The film in the end wants to have it both ways. It wants to ridicule medieval people (based on lazy stereotypes) as well as perpetuating some of the most backward attitudes woven into the tapestries. So, what is the real true meaning of the tapestries and of unicorns? I don’t know. I can’t offer ‘real true’ interpretations (because they don’t exist). What I can offer is a careful and close engagement.  

What strikes me about the myth of the unicorn is what the unicorn does stand for. Over the centuries the unicorn has been used as a symbol for purity, innocence, humility, and sometimes fertility. In medieval poetry the (male) bard would often cast himself as the unicorn, beguiled by his beautiful lady, desiring nothing more than to rest his head in her lap. Little of this particular metaphor has survived into the modern pop-culture. What seems to have survived is the strong connection with young virgins. This particular trope features heavily in the film too though the film makers attempt to gloss over the sexual implications of ‘virgin’ by speaking only of ‘maidens’ (which still means the same thing but doesn’t have the same sexual baggage for modern ears).  

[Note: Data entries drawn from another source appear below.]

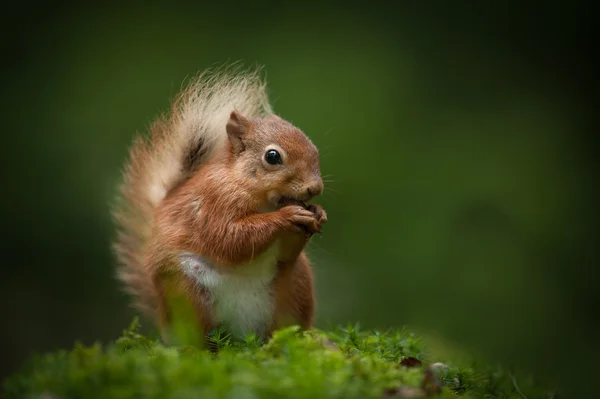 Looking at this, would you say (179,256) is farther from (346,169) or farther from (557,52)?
(557,52)

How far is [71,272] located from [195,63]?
2.39 meters

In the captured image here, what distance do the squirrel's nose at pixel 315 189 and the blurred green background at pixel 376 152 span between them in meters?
2.83

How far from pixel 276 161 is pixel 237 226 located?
333 millimetres

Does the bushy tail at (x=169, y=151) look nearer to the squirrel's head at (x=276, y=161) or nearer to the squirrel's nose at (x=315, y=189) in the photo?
the squirrel's head at (x=276, y=161)

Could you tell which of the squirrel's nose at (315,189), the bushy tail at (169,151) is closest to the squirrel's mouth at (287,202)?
the squirrel's nose at (315,189)

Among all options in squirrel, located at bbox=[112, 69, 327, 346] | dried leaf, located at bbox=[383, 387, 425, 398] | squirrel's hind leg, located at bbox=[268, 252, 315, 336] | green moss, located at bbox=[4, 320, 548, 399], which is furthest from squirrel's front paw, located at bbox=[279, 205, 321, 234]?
dried leaf, located at bbox=[383, 387, 425, 398]

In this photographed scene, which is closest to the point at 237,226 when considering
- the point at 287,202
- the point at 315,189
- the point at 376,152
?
the point at 287,202

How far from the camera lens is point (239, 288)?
3.21 metres

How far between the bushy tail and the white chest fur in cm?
40

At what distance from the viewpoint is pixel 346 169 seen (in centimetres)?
687

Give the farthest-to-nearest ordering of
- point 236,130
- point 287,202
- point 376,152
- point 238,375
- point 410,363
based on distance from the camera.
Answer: point 376,152 < point 236,130 < point 287,202 < point 410,363 < point 238,375

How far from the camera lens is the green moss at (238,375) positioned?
2031mm

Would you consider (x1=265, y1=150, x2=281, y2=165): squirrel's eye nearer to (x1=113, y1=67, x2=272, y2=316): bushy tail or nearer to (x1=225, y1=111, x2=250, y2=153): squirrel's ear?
(x1=225, y1=111, x2=250, y2=153): squirrel's ear

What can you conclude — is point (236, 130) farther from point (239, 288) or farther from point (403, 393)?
point (403, 393) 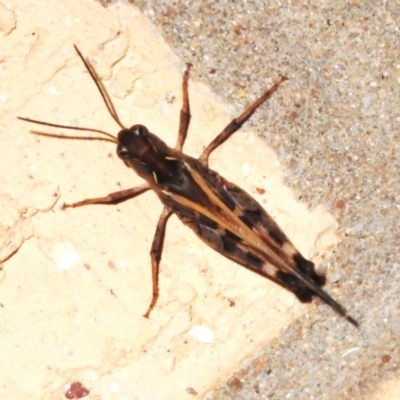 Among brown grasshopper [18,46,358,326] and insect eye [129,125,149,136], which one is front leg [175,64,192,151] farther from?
insect eye [129,125,149,136]

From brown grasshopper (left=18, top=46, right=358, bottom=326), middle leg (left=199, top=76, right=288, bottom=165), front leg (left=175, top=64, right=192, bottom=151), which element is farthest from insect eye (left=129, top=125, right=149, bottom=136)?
middle leg (left=199, top=76, right=288, bottom=165)

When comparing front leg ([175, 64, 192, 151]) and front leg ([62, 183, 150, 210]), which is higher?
front leg ([175, 64, 192, 151])

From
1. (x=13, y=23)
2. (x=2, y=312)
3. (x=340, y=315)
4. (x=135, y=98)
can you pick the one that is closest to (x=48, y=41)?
(x=13, y=23)

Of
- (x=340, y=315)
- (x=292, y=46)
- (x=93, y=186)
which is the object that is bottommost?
(x=340, y=315)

Now, that is indeed an interesting aspect worth unpacking. Why is it that unicorns are so attracted to young women who have not had sex? Why the obsession with virginity and the implied association that – for a woman! – having sex sullies something pure? What does it mean that both the hunters in the tapestries and the rich people in the film use a woman’s body and sexuality to trap the unicorn and commit their violence? Where’s the film that deals with those questions? Until they make that one maybe I’ll stick with My Little Pony, I’m told that has significantly less disembowelment.